The bird fair participants had a great respect and understanding of nature and are involved with protecting and nurturing the environment. For example, one couple, an engineer and his wife, are running an NGO, involved in land and seed conservancy and in clean energy. Our poor Spanish language skills precluded talking to many involved people in great depth. Argentina has a ten year environmental plan to preserve Argentina`s natural resources and they are creating new natural reserves and parklands. We found the countryside of Argentina to be in good shape.
Travel makes you more aware of whom you are.
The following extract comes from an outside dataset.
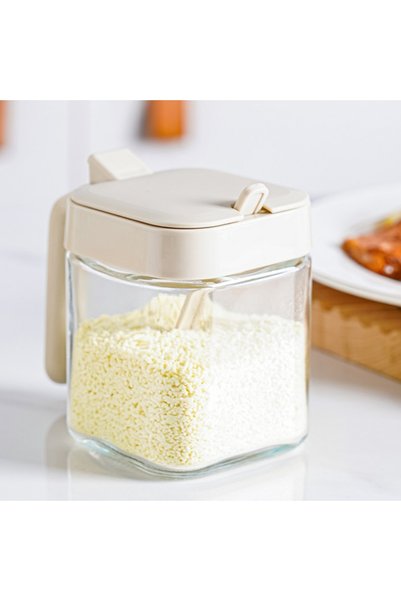 Choice 1pc 1pc Glass Seasoning Jar with Spoon Sugar Bowl Salt Shaker Pepper S...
We didn`t realize we were such passionate environmentalists because we took things such as a clean environment for granted. Involvement with birding takes us to natural places as well as the big world cities. Unfortunately, respect for the environment is not uniform, with much of the third world awash in garbage. Plastic bags and tin cans litter the countryside. The Argentines have a better handle on it than many countries.
The conference had about 25 sessions on all aspects of birding; anatomy, evolution, photography, conservation, and birding information about Columbia, Brazil, Peru, and Chile. There were photography and painting exhibits and four early morning birding trips to the surrounding area. We met producer of The Path of the Condor, filmed in the Andes and saw this amazing piece of work.
The author Tito Narosky spoke and autographed his new edition of the Field Guide of the Birds of Argentina and Chile. Written in both Spanish and English, with both photos and drawing and a CD of bird songs included, it’s a major accomplishment. The fair organizer, Horacio Matarasso, did a wonderful job and his two teenage sons participated.
We are developing a more in-depth feeling and knowledge of the Argentine people after spending more than a year here. Many Argentines have a rich intellectual life. They read a lot, are involved with their interests and are happy with their lives. In my opinion Argentina is the most cultured place in South America, with a large, but shrinking middle class.
We enjoyed a lovely final evening at the home of an American couple who are building a home in the hills of San Martin on a bluff overlooking a mauve and purple lupine meadow and the alpine mountains. It’s always interesting to share stories with other couples and see how we have all arrived at where we are in life.
And so our birding trip and the bird fair ended and off we went to Bariloche. It was our first extended birding trip and we are hooked.